Exercise: Please produce an exact transcription of the lines from the one containing "Диск Rplc Me83 21x11 5x112 ET42 DIA66.6 GMFP" through the last line of the entries, leaving out every picture.

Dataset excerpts
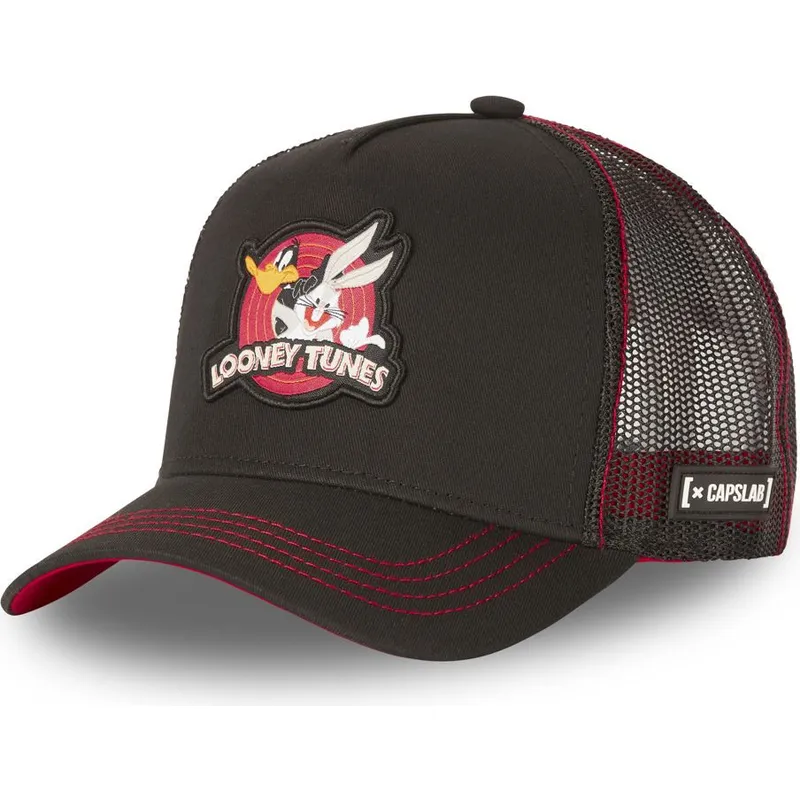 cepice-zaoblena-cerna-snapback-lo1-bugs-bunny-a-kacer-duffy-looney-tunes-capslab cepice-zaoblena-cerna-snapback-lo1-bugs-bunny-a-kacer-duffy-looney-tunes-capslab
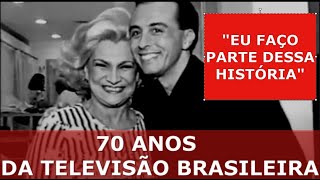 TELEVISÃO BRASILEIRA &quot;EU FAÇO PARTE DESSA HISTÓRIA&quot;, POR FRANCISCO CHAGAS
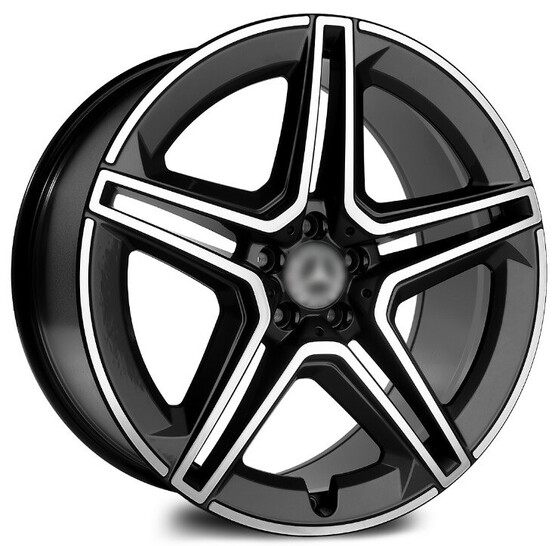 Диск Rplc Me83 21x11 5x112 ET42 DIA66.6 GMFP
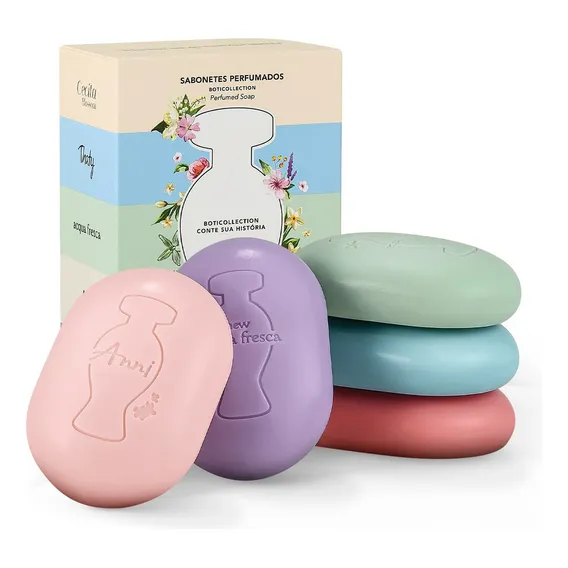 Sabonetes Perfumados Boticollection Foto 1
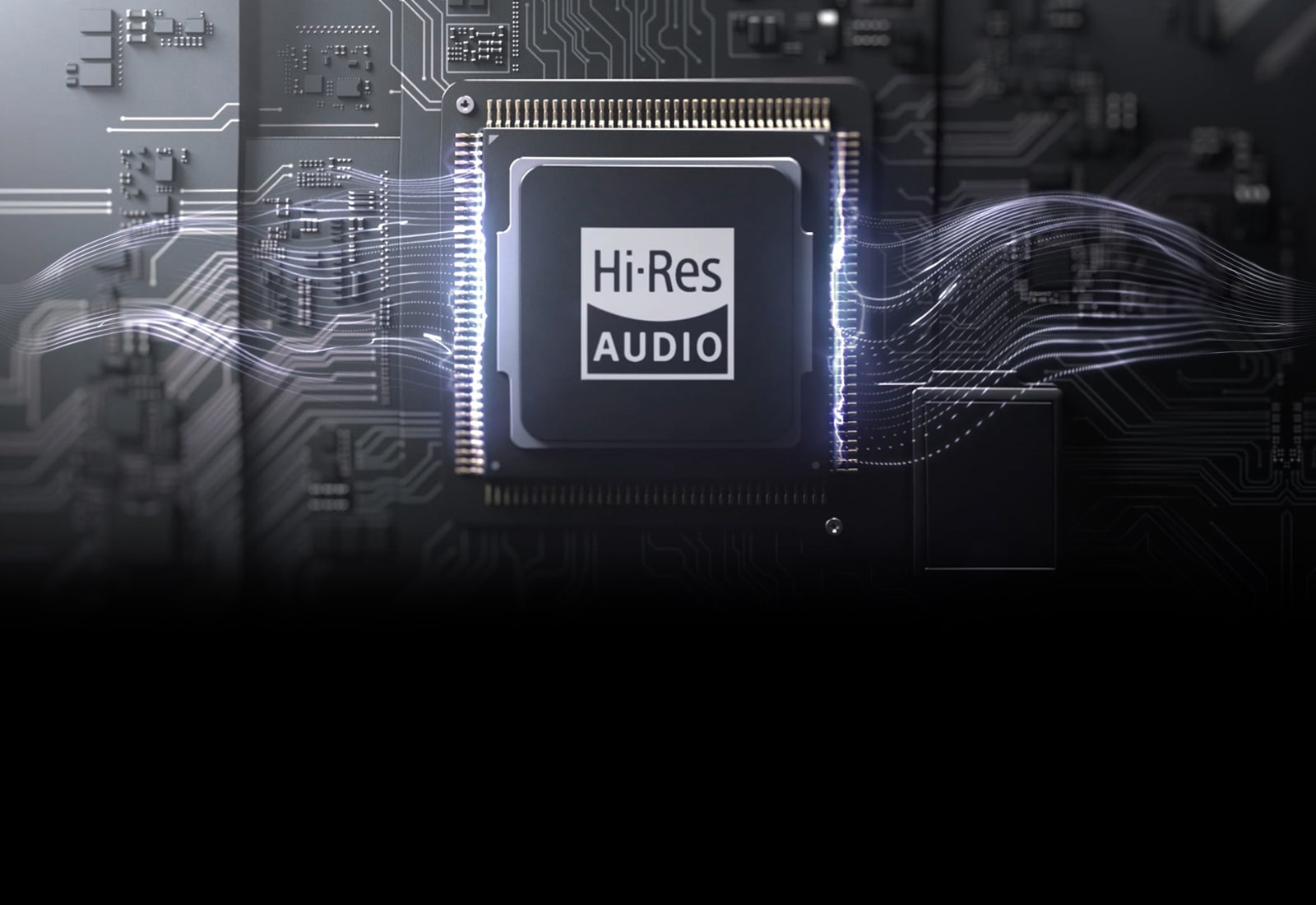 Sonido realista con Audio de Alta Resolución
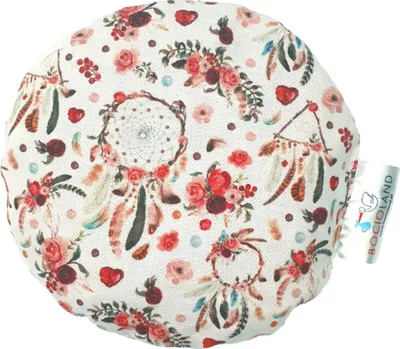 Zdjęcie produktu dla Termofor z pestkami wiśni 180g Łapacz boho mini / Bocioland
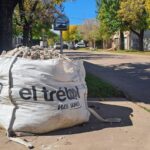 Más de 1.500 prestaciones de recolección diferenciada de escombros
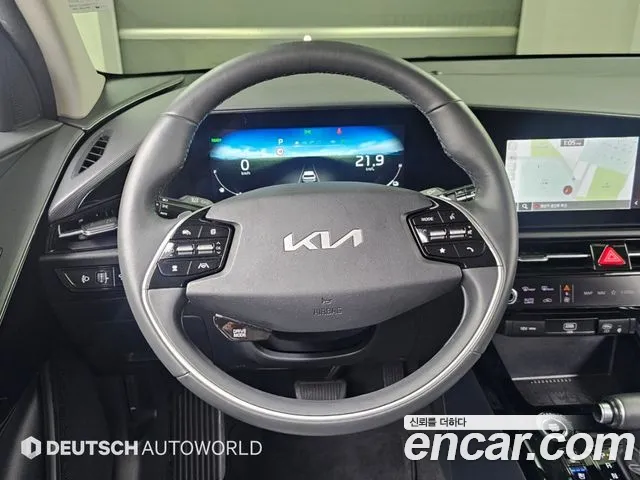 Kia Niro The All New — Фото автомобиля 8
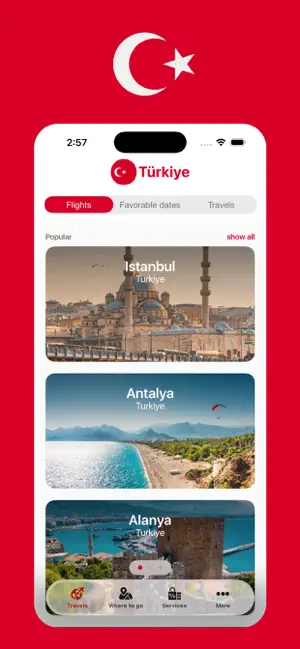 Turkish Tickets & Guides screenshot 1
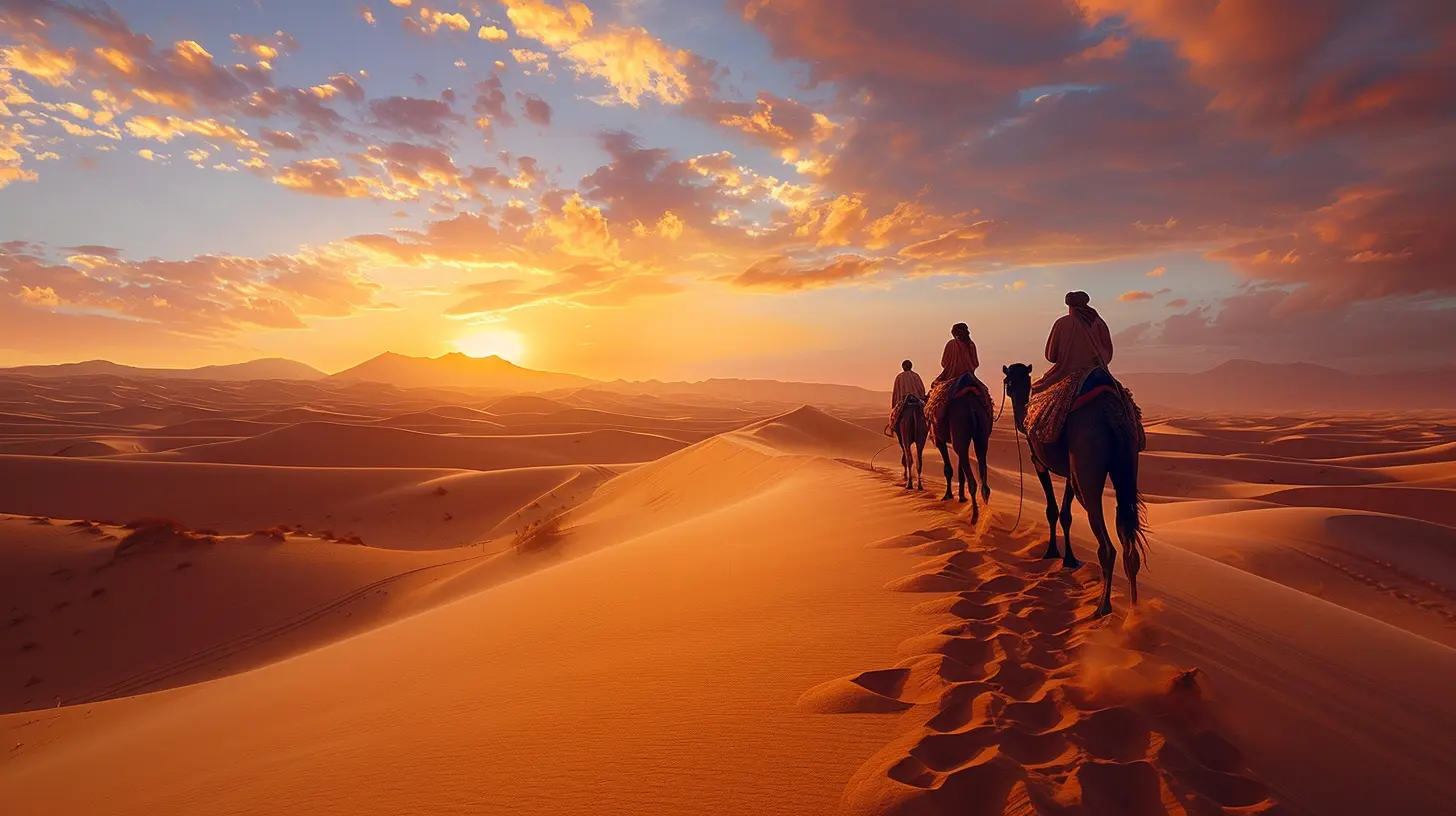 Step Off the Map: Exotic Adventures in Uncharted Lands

Response area:
 Диск Rplc Me83 21x11 5x112 ET42 DIA66.6 GMFP
 Sabonetes Perfumados Boticollection Foto 1
 Sonido realista con Audio de Alta Resolución
 Zdjęcie produktu dla Termofor z pestkami wiśni 180g Łapacz boho mini / Bocioland
 Más de 1.500 prestaciones de recolección diferenciada de escombros
 Kia Niro The All New — Фото автомобиля 8
 Turkish Tickets & Guides screenshot 1
 Step Off the Map: Exotic Adventures in Uncharted Lands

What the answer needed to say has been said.